● Task data

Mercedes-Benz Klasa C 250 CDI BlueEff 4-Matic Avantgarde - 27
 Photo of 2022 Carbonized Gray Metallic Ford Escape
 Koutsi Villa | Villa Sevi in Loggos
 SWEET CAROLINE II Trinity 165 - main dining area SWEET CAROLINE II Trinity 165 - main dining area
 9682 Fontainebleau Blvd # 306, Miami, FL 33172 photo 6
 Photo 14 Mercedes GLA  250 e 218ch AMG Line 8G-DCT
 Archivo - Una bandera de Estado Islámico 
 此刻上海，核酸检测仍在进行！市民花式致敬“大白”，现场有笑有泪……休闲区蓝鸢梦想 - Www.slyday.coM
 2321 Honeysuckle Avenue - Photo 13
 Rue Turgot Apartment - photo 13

● Task statement
Each entry must appear again in the answer exactly as written.

● Exercise response
Mercedes-Benz Klasa C 250 CDI BlueEff 4-Matic Avantgarde - 27
 Photo of 2022 Carbonized Gray Metallic Ford Escape
 Koutsi Villa | Villa Sevi in Loggos
 SWEET CAROLINE II Trinity 165 - main dining area SWEET CAROLINE II Trinity 165 - main dining area
 9682 Fontainebleau Blvd # 306, Miami, FL 33172 photo 6
 Photo 14 Mercedes GLA  250 e 218ch AMG Line 8G-DCT
 Archivo - Una bandera de Estado Islámico 
 此刻上海，核酸检测仍在进行！市民花式致敬“大白”，现场有笑有泪……休闲区蓝鸢梦想 - Www.slyday.coM
 2321 Honeysuckle Avenue - Photo 13
 Rue Turgot Apartment - photo 13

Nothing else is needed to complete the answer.